The AHA also operates a large political action committee. The group’s campaign contributions have overwhelmingly filled Democratic coffers in recent years. In fact, 72 percent of the association’s nearly $1 million in political spending went to Democrats this political cycle. That’s up from 63 percent during the 2008 political cycle, when the association spent $2.1 million. – Rob Bluey
How did this happen?
The new regulations imposed on physician-owned hospitals can be traced to strong opposition from competing community hospitals and their lobbyists in Washington, D.C. The American Hospital Association and its affiliates spent more than $18 million on lobbying in 2009; the Federation of American Hospitals added nearly $4 million.
In contrast, Physician Hospitals of America spent a grand total of $300,000.
With the cards stacked against them in Congress, many new hospitals are rushing to complete construction to secure their Medicare certification by Dec. 31. Those that are already in operation are dispirited about future expansion but remain committed to their mission.
“Our goal is to serve the people sitting in the big hospitals with more dignity and respect — and to get them prompt care,” said Dr. Yasin Kahn, chief executive of Westfield Hospital in Allentown, Pa.
Kahn rebutted claims from the American Hospital Association that physician-owned hospitals cherry-pick the most profitable patients. More than 90 percent of the patients at Westfield Hospital aren’t affiliated with the hospital’s partners. His hospital takes pride in a lower nurse-to-patient ratio than the community hospital and an efficient emergency room with a 15-minute wait.

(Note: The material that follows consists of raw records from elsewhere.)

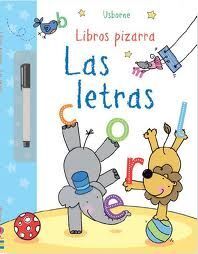 Letras, Las- Libro Pizarra. No salgas de casa, compra en Aristotelez.com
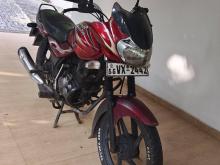 Bajaj Discover 100 2010 Motorbike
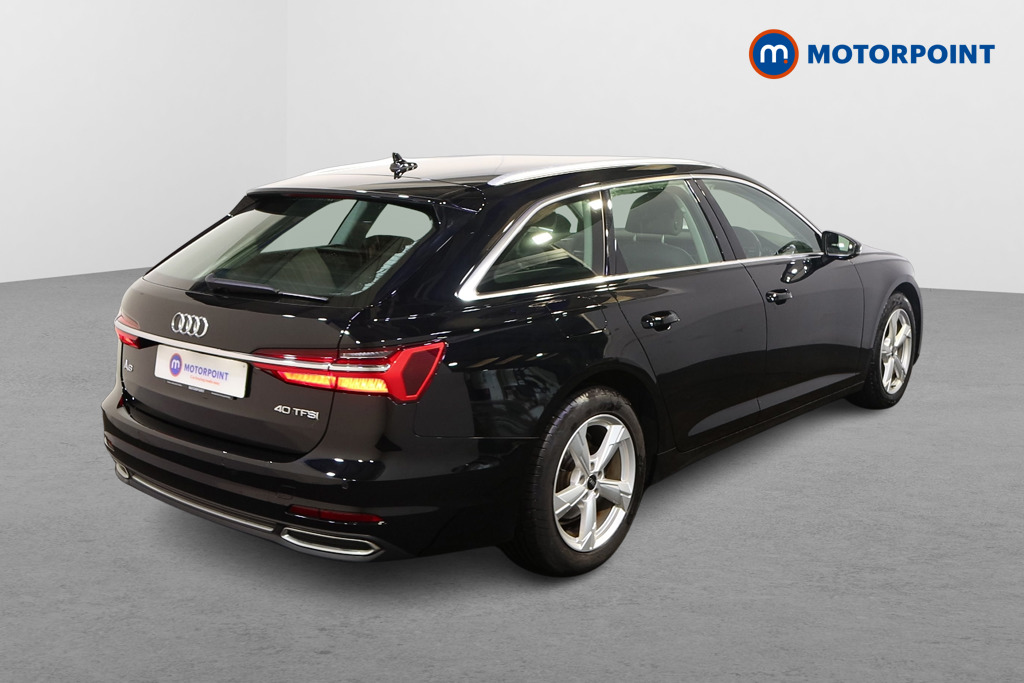 Audi A6 Sport Automatic Petrol Estate - Stock Number (1578716) - Drivers side rear corner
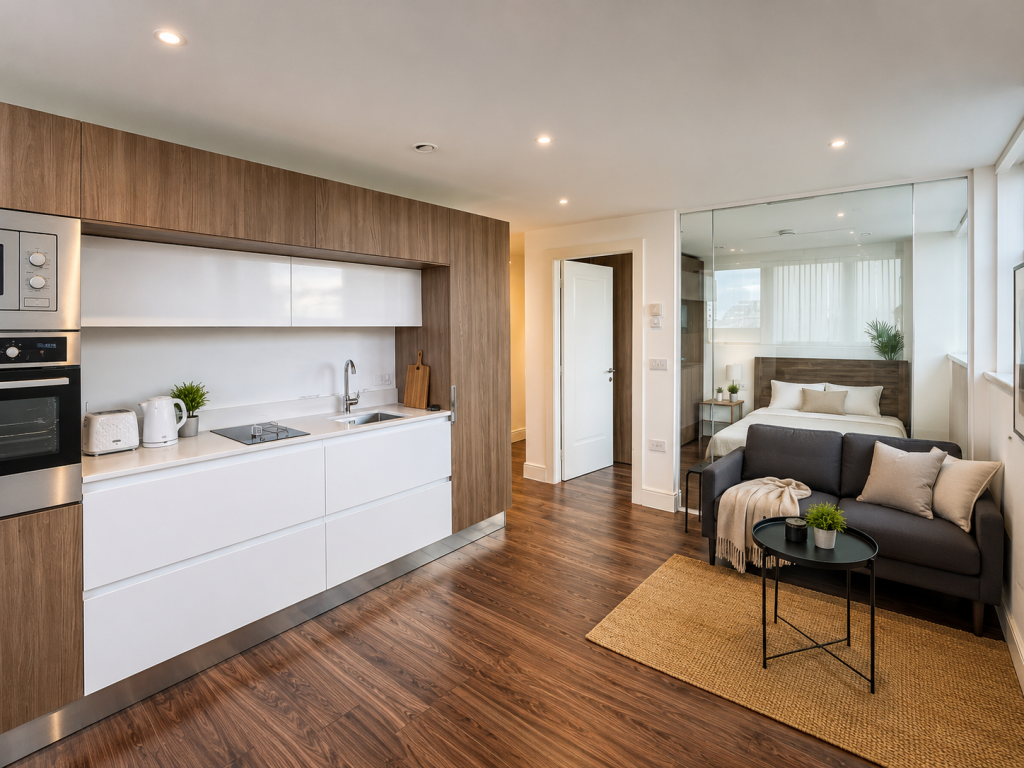 Main image of property: Centre Heights, Finchley Road, Camden, London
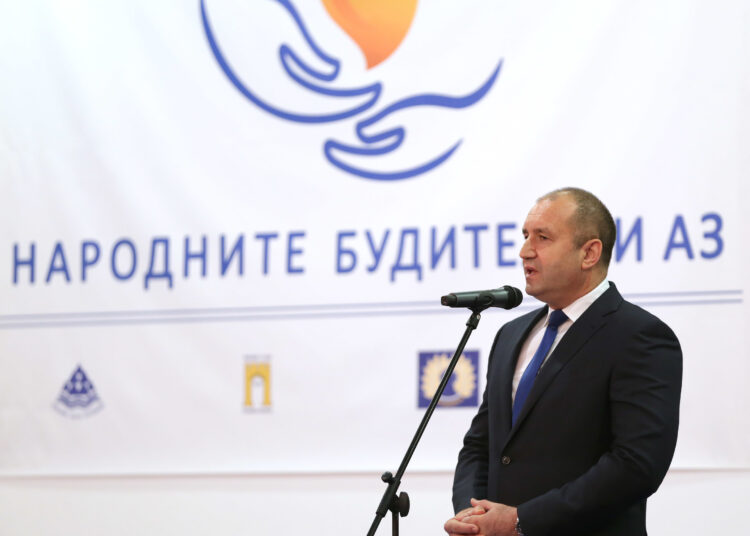 Радев: Малко народи могат да се похвалят с празници на духа и книжовността 1 BX9O5301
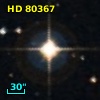 HD  80367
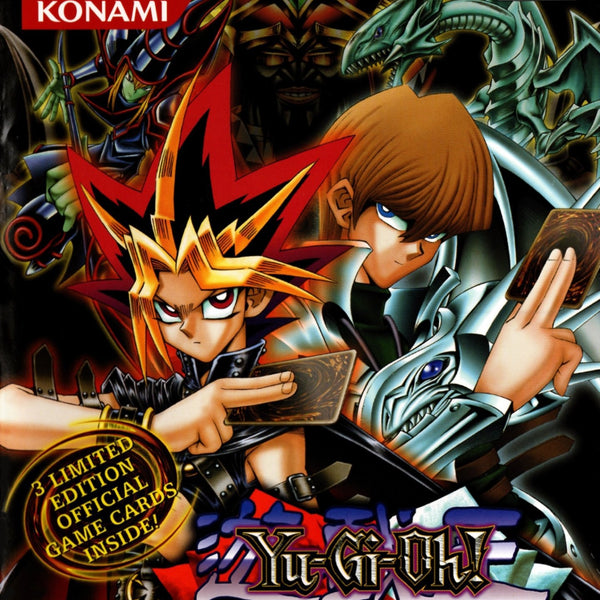 Yu-Gi-Oh! The Duelists of the Roses - PS2 - Super Retro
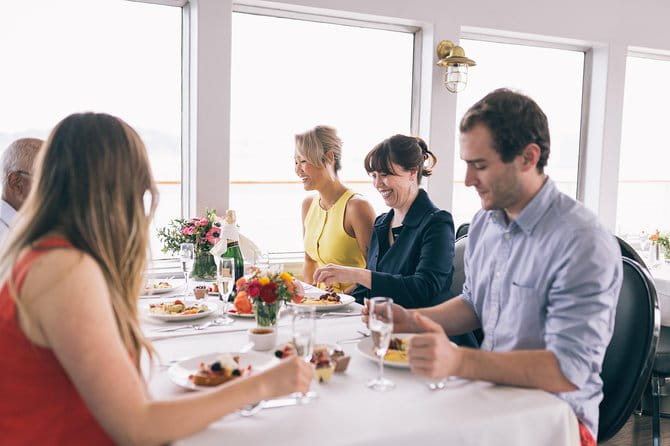 Orange County Premier Brunch Cruise from Newport Beach - Authentic Reviewer Perspectives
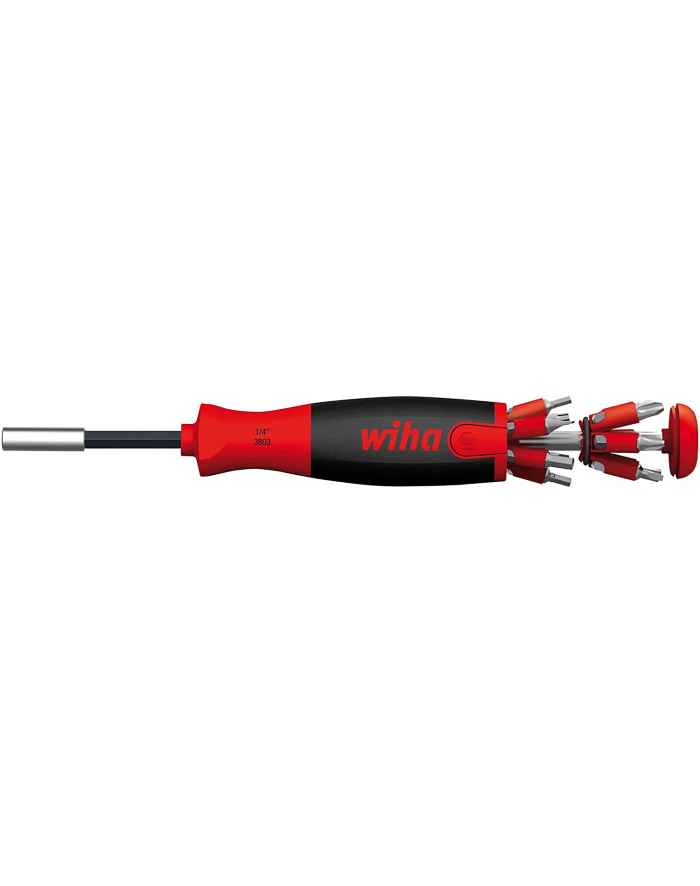 Wiha screwdriver with bit magazine Liftup 25 - 38600 główny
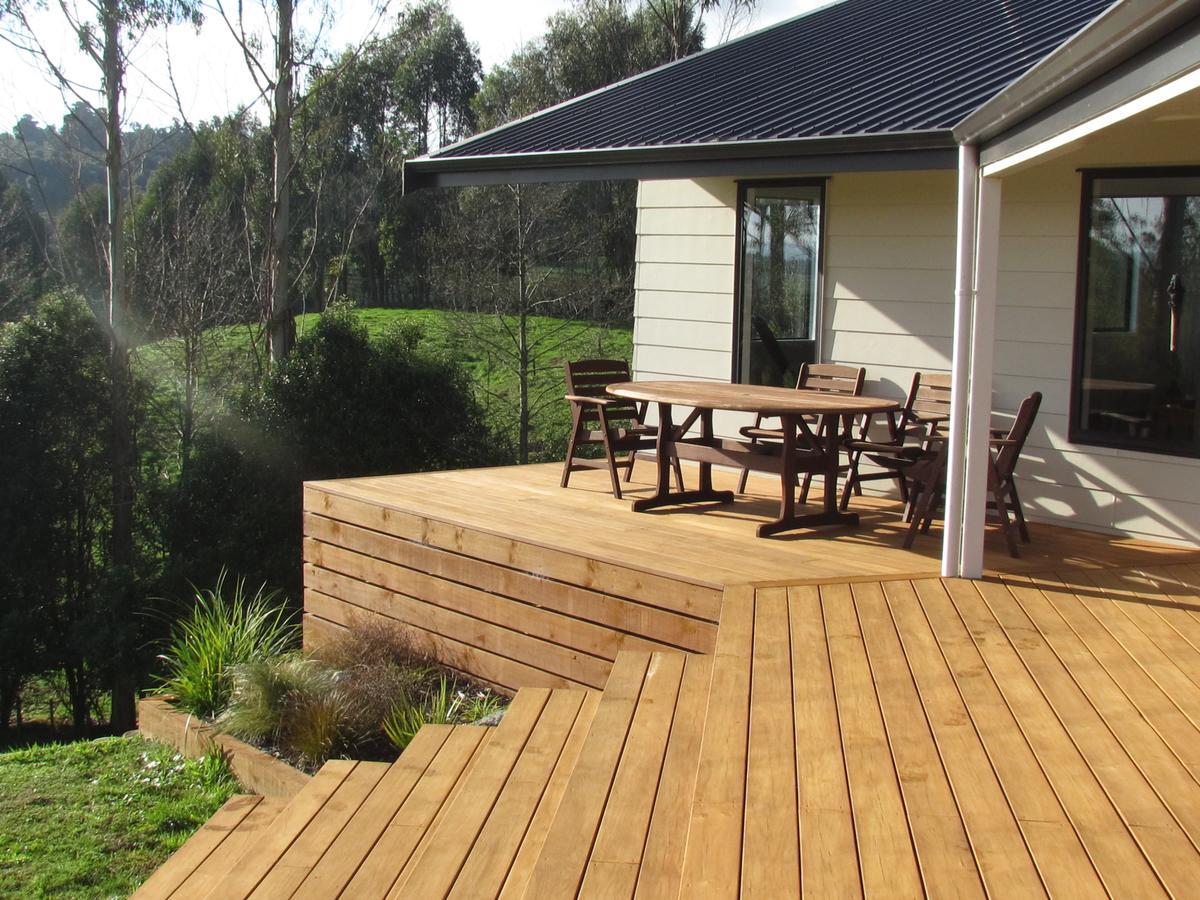 Rolling Hills Country Stay B&B Tauranga Ngoại thất bức ảnh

“This bill basically kills the entrepreneurship and competitive spirit of physician-owned hospitals,” Kahn said. “How do we serve all the people they’re planning to bring in if we can’t expand? Are they going to overburden the local community hospitals?”
The American Hospital Association maintains that the 5,000 community hospitals it represents will be able to care for the additional Americans who will be covered under Obamacare. Ellen Pryga, director of policy, defended the new regulations on physician-owned hospitals as necessary to streamline patient care and avoid conflicts of interest on patient referrals.
“When physicians control where their patients go, it’s a competitive advantage for physician owners,” Pryga said. “They can direct patients on a whole variety of factors, some of which are going to be the patients’ needs and others of which are going to be in the physicians’ financial interest.”
Such assertions keep Molly Sandvig, executive director of Physician Hospitals of America, on her toes. She tracks developments at the 260 physician-owned hospitals and others under construction.
“At a time when we should be looking for additional ways to provide more access, this is going to have the opposite effect,” Sandvig said of Obamacare. “New hospitals that were under development are not going forward right now. That hurts the patient by limiting access to high-quality care. It hurts communities where these hospitals were going to be built, and it hurts the health care market by putting thousands of jobs at risk.”
Sandvig estimated 25,000 jobs are at risk in 37 states. Shovel-ready construction jobs for new and expanding hospitals will also evaporate, as will physicians’ ability to rescue inner-city hospitals and build in rural communities.
Rob Bluey is director of the Center for Media and Public Policy at the Heritage Foundation.